A artista busca “dar novo uso” a esses fragmentos que podem ser vistos como ruínas, mas que também carregam valores simbólicos inesgotáveis. Instalações, esculturas, pinturas ou desenhos: as formas elaboradas pela artista apontam para perspectivas que destacam “as bordas” dos incidentes e se refletem em um conteúdo “em rede”, podendo ser reconfigurado a qualquer tempo e constituindo o “enigma” que guia suas produções.

“Esse é o momento em que jogo luz para as bordas das histórias dos incidentes, reconfigurando-as e elaborando modos de apresentar essas narrativas em forma de desenhos, pinturas, esculturas e instalações. Nesse processo de lidar com o inventário e materializar o trabalho componho um campo visual que se apresenta como um enigma que nunca se revela, e sim o processo de desvendá-lo”, afirma.

Durante a entrevista, Cristina esteve ao lado de Luciana Eloy, pesquisadora em Artes, curadoria e processos de criação. Para ela, a poética de Vasconcelos ganha ainda mais potência com a reunião dos arquivos que irão compor seu inventário: "O trabalho da Cristina é mais vivo e mais forte nessa perspectiva de coletar e documentar. Essa é a força do trabalho dela. Claro que em algum momento ele vai se materializar, mas quando ele se materializa nesse campo visual que ela chama de ‘Atlas’ já é algo como rede tecida junto com esse processo".

“Diluição de fronteiras geopolíticas, protocolos de segurança, contaminações e questões que evidenciam relações de poder entre nações hegemônicas e periférica” são algumas das possibilidades. No “Atlas”, os eventos se desprendem do tempo e renovam seus significados com o trabalho de Cristina.

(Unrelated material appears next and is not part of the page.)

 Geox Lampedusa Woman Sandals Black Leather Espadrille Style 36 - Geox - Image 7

“Ao construir um ‘Atlas’, ao mesmo tempo em que atualizo os eventos que investigo, produzo modos de reinterpretá-los, ficcioná-los. pois não respondem mais nem ao tempo nem às suas narrativas originais. Eles se tornam narrativas do mundo, capazes de remover questões ocultas dos próprios eventos, ou trazer à tona questões fora do escopo dos episódios que de alguma forma se relacionam com eles, ou com questões-chave e iminentes do mundo contemporâneo”.

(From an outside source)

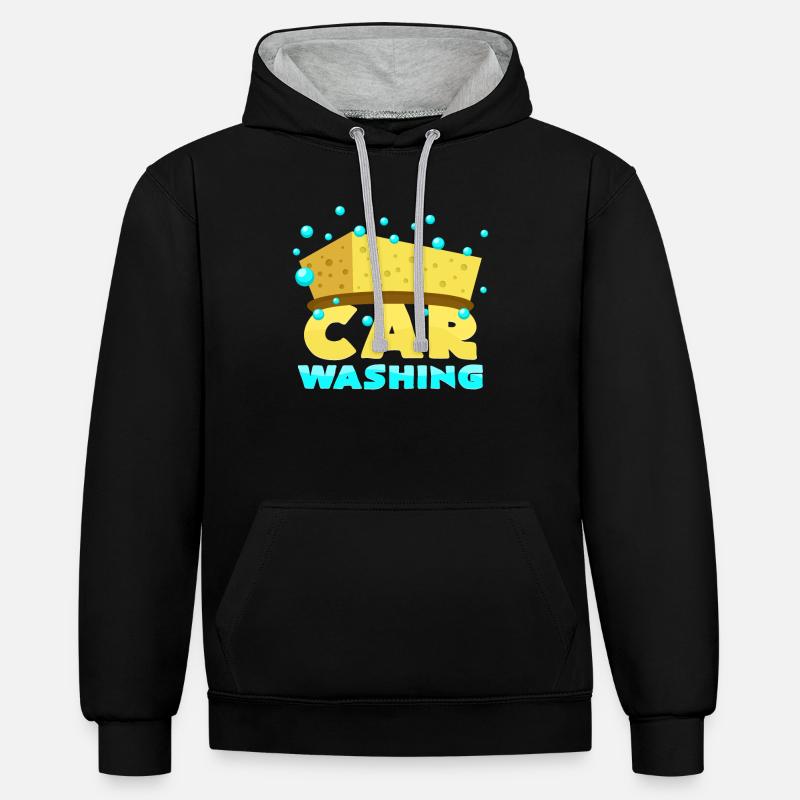 Lavage de voiture - Sweat à capuche contrasté - noir/gris chiné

Nesse processo, não há narrativa separada, e os eventos atuam juntos na transmissão de mensagens passadas por Cristina, sendo algumas delas a “sensação de insegurança” e novos protocolos que são criados a partir de episódios anteriores, podendo ser uma falha mecânica ou humana, por exemplo. Tudo isso por meio da “aura” e da “memória” envolvidas nos fragmentos coletados pela artista.